3. Hukuk devletine ilişkin her sorun, kuşkusuz doğrudan avukatları ve baroları ilgilendirir.  Meslektaşlarımızla yaptığımız görüşmelerde, önümüzdeki dönemde gündeme gelecek Anayasa değişikliğine, bu kapsamda, denetimsiz tek adam rejimi-diktatörlük anlamına gelen başkanlık sistemi önerilerine ilişkin tavrımızı ortaya koymamız, tartışmalara etkili şekilde katılmamız ve halkı bilinçlendirmemiz gerektiği ifade edilmiştir.

4. Bu çerçevede, Anayasa'nın ilk üç maddesinde yer alan demokratik, laik, sosyal hukuk devletinin ve üniter devletin korunması, hukuk devletinin vazgeçilmezi olan bağımsız ve tarafsız yargının, adil yargılanma hakkının, avukatın ve baroların bağımsızlığının sağlanması kuşkusuz Türkiye Barolar Birliği'nin, baroların ve avukatların görevidir.

5. Basın özgürlüğünün kalmadığı, gazete, televizyon ve radyolara oto sansür uygulandığı, insanların korku içinde yaşadığı  ve "acaba sıra bize ne zaman gelir" diye endişeyle bekledigi, üniversitelerin,öğretim üyelerinin gazetecilerin, sivil toplum örgütlerinin  susturulduğu, apayrı bir yargılama usulüne tabi olan, adil yargılamayı ve bütün güvenceleri hiçe sayan, avukatları ve savunma hakkını baskı altına alan  ÖGM'lerin, TMM'lerin  varlığını sürdürdüğü, tutuklamanın peşin ve keyfi bir ceza olarak uygulandığı bir ülkenin demokratik hukuk devleti olduğundan bahsetmek mümkün değildir.

6. Türkiye, tarihinin en zor dönemlerinden, belki de en zor döneminden geçmektedir. Görevimiz, haksızlık kimden gelirse gelsin, kime yapılırsa yapılsın, dinine, mezhebine, diline, etnik kökenine, cinsiyetine, sosyal sınıf ve durumuna bakmaksızın mazlumun yanında durmaktır.  Sorumluluğumuz, insan haklarını Türkiye'nin her köşesinde geçerli kılmaktır. Hedefimiz, ülkemizi demokrasiye kavuşturmaktır.

 

Değerli Meslektaşlarım,

Meslek ve ülkeye dair burada örnek olarak saydığımız sorunların çözümünde Türkiye Barolar Birliği ve barolar temel öneme sahiptir.
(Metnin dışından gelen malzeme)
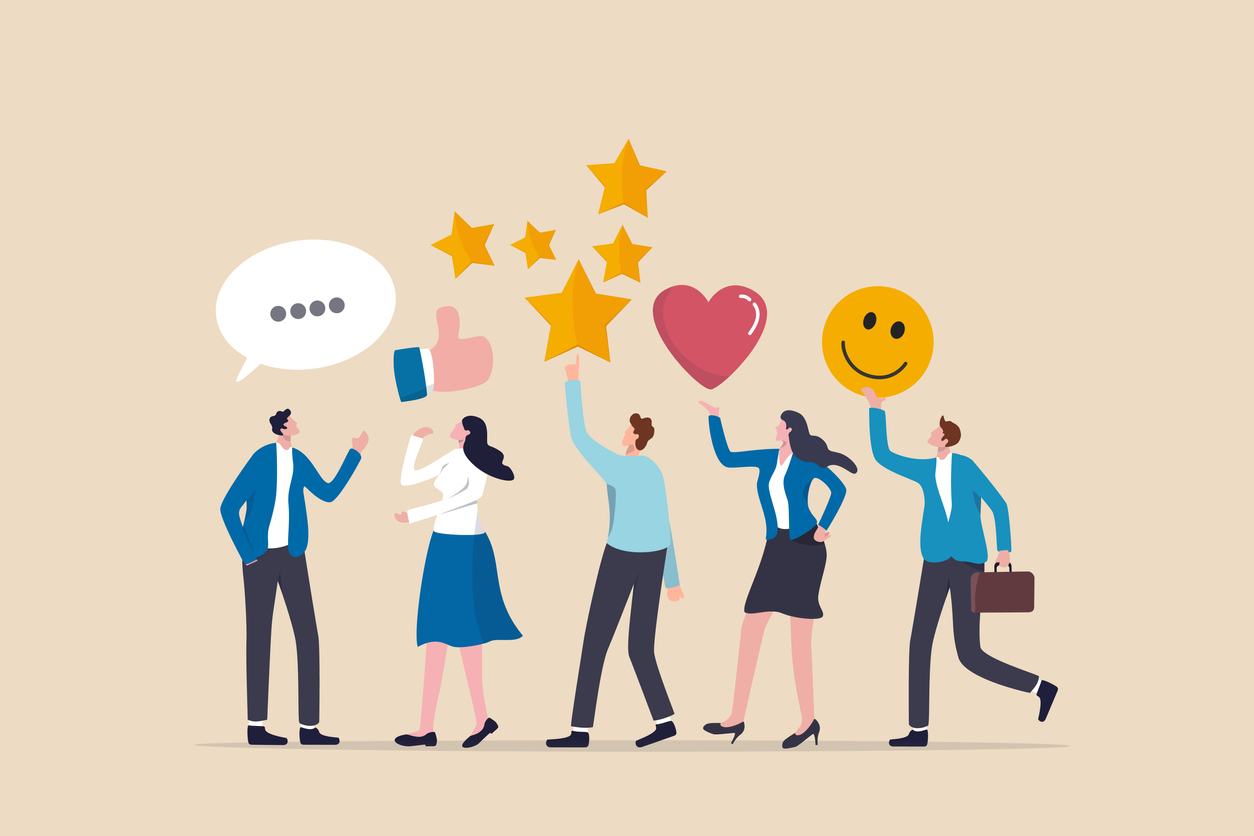 Customer feedback, user experience or client satisfaction, opinion for product and services, review rating or evaluation concept, young adult people giving emoticon feedback such as stars, thumbs up.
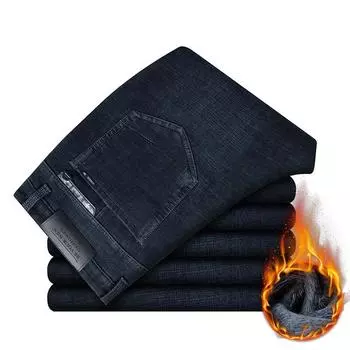 Зимние флисовые теплые мужские джинсы Брюки Деловые повседневные свободные джинсовые брюки больших размеров 52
Meslek, demokrasi,hukuk devleti ve özgürlükler için  Baroların ve Türkiye Barolar Birliği'nin bu gidişe sessiz kalma hakkı yoktur.

Öyleyse aynı kaygıları taşıyan ve aynı hedefe yönelen bütün avukatlar, omuz omuza vermeli, yalnızca avukatları değil, tüm Türkiye'yi yakından ilgilendiren Türkiye Barolar Birliği Genel Kurulu'na güçbirliği yaparak girmeliyiz.

Bu çerçevede toplumsal  sorumluluk ve  görev bilinciyle Türkiye Barolar Birliği Başkanlığı için, Türkiye'nin bütün barolarını ve siyasi görüş ayrımı yapmaksızın bütün meslektaşlarımı kucaklayarak adaylığımı ilan ettiğimi kamuoyunun bilgisine sunarım.

Söz veriyorum, birlikte başaracağız.